Abstract In a color reproduction workflow, spectral prediction models are useful for establishing the correspondence between colorant surface coverages and resulting printed halftone color. Spectral prediction models enable calculation of the color gamut and establishment
of the color separation tables. Discrete line juxtaposed halftoning, a recently proposed algorithm, is characterized by the fact that colorants formed by inks and ink superpositions are placed side by side. Juxtaposed halftoning is necessary when printing with special inks such as opaque or
metallic inks. In order to predict the color of classical halftones, the Yule‐Nielsen modified spectral Neugebauer model is generally used.

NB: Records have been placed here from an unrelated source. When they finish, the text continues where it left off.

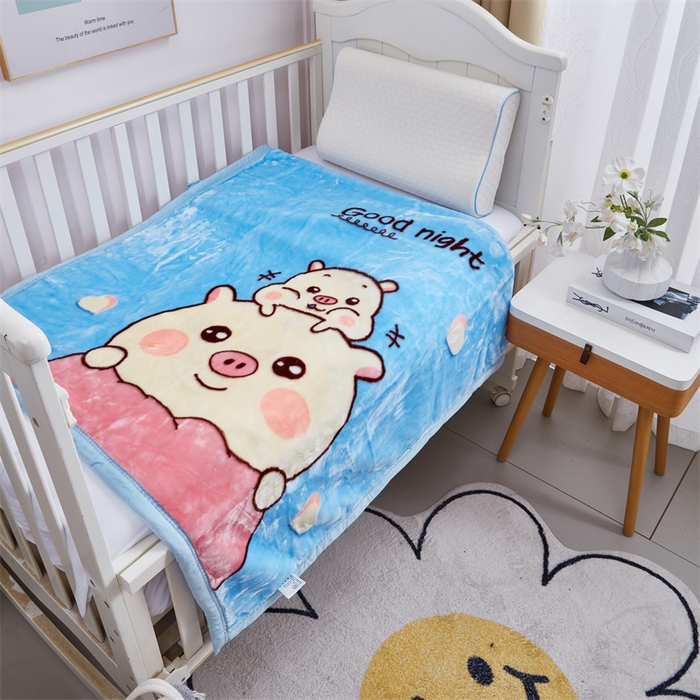 91家纺网 家纺一手货源 找家纺 凯轩毛毛毯毯子网销专供 2024新款加厚保暖儿童印花云毛毯毯子系列 卡通猪  蓝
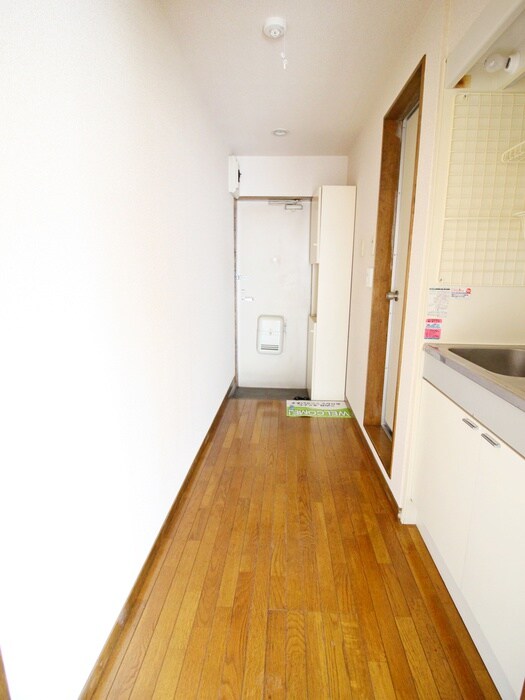 物件内観写真20　(廊下)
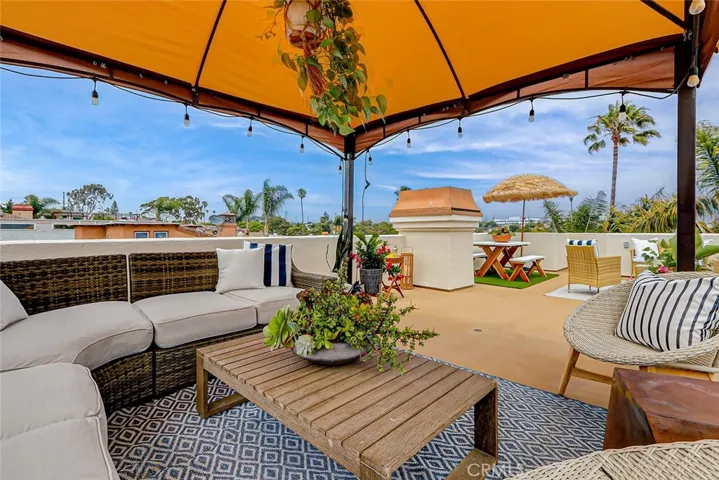 502 N Juanita Avenue B, Redondo Beach, California 90277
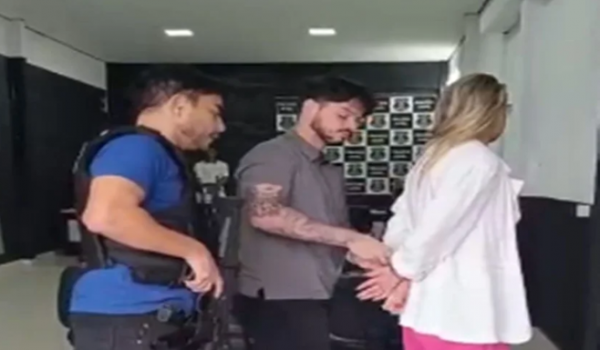 Delegado envolvido em prisão de advogada é transferido em Cocalzinho de Goiás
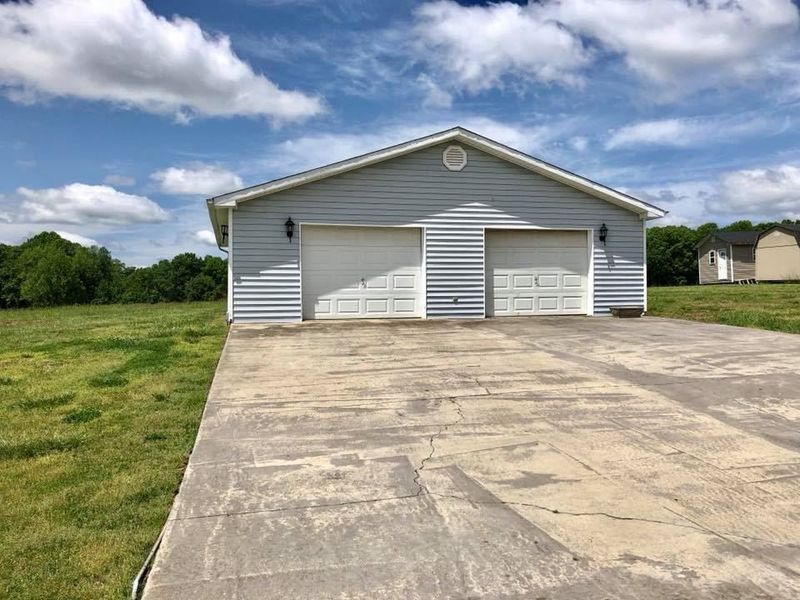 505 Younger Rd, Roxboro, NC 27573
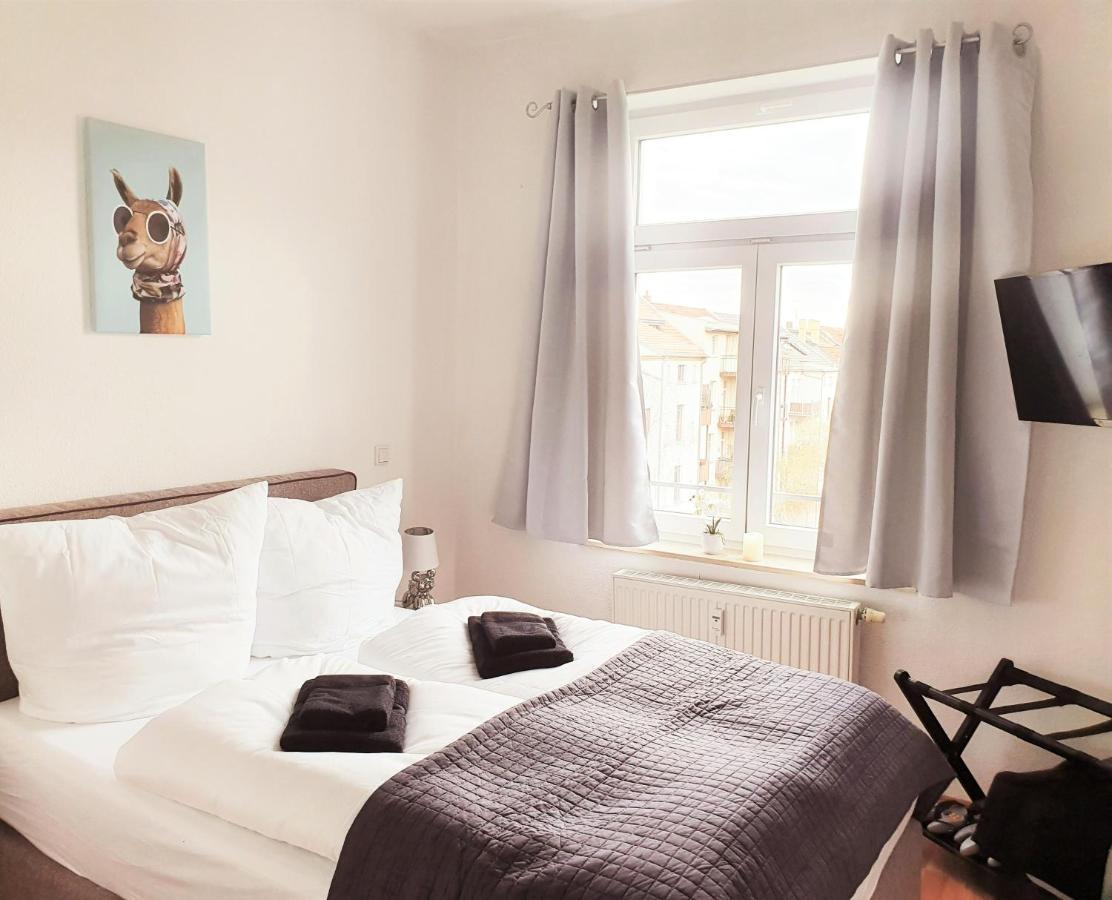 Appartement Stilvolles Mit 2 Schlafzimmern & Balkon - Nahe Flughafen, Porsche Und Messe Leipzig
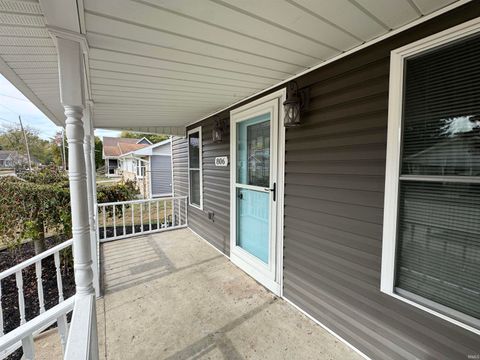 Tiny photo for 806 W Woodland Avenue, Kokomo, IN 46902 (MLS # 202542282)
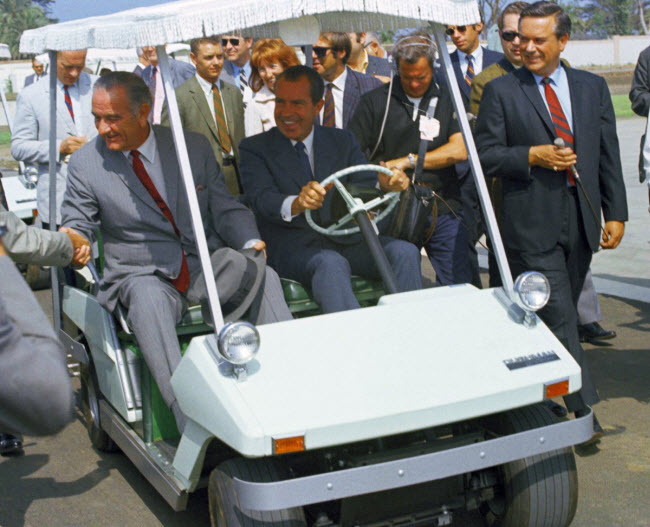Tổng thống Richard Nixon thích nghỉ dưỡng tại “Nhà Trắng phía tây” của ông tại San Clemente, California. Khu bất động sản này rộng hơn 4.000 m2 với tầm nhìn hướng ra biển và hiện được định giá khoảng 63 triệu USD.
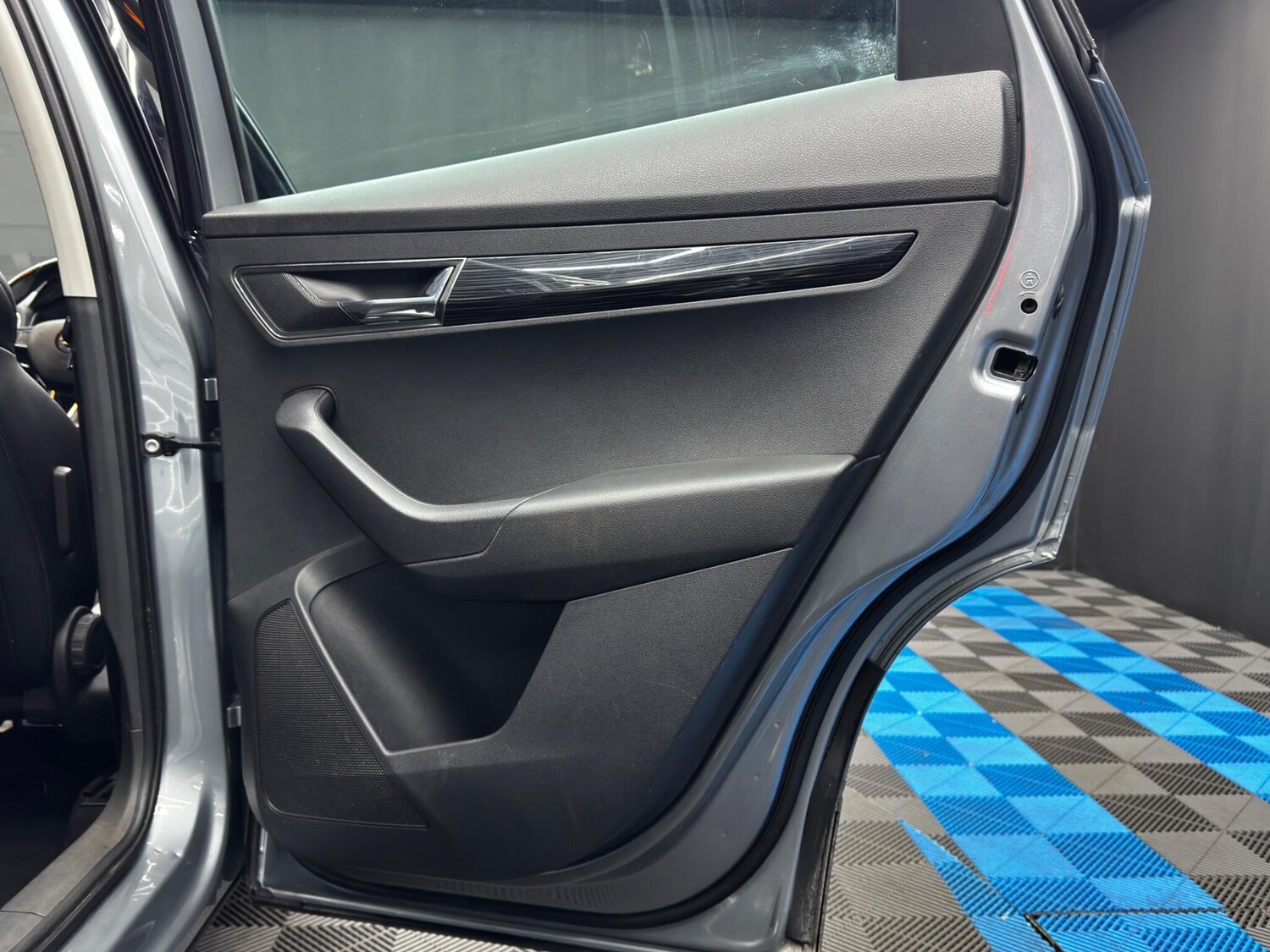 Used Skoda Karoq 2018 for sale - 76850416: Photo 43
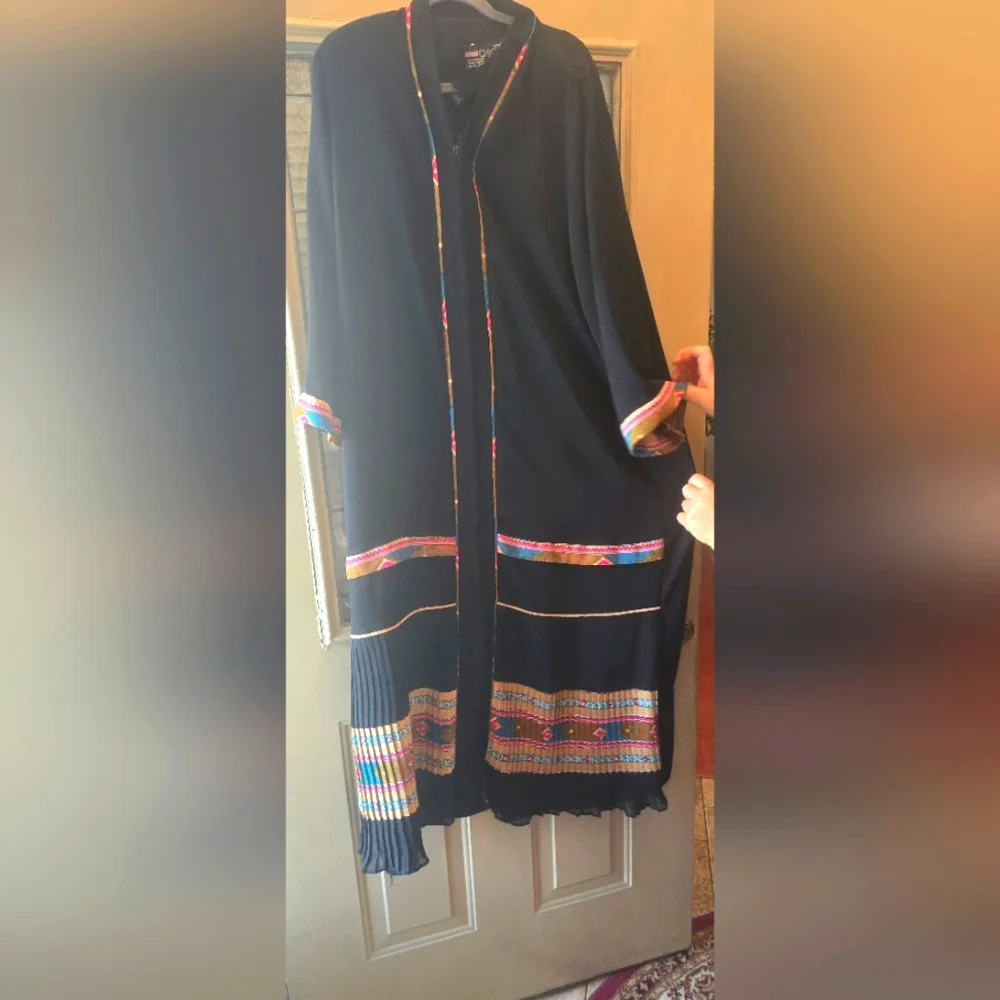 ✨ Trendy & Unique Abaya – Modern Elegance Meets Tradition ✨ - Picture 1 of 9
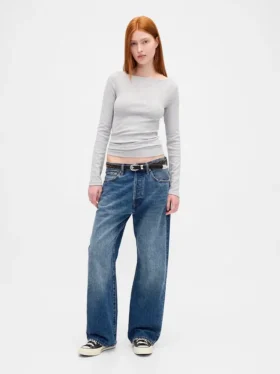 T-shirt moderna con scollo a barchetta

However, this model may not predict the color of juxtaposed halftones, since the effective surface coverages of colorants and of possible colorant
overlaps are unknown. In contrast, the two-by-two dot centering spectral prediction model developed by S. G. Wang enables the reflectance of slightly overlapping colorants to be captured and is therefore appropriate for predicting the color of juxtaposed halftones. Since this model requires
a large calibration set, the authors use an estimation technique which predicts more than 90% of the two-by-two calibration pattern reflectances by measuring less than 10% of them. For juxtaposed halftoning, the two-by-two dot centering model offers high prediction accuracies and outperforms
the different variants of the Yule‐Nielsen spectral Neugebauer model for comparable setups.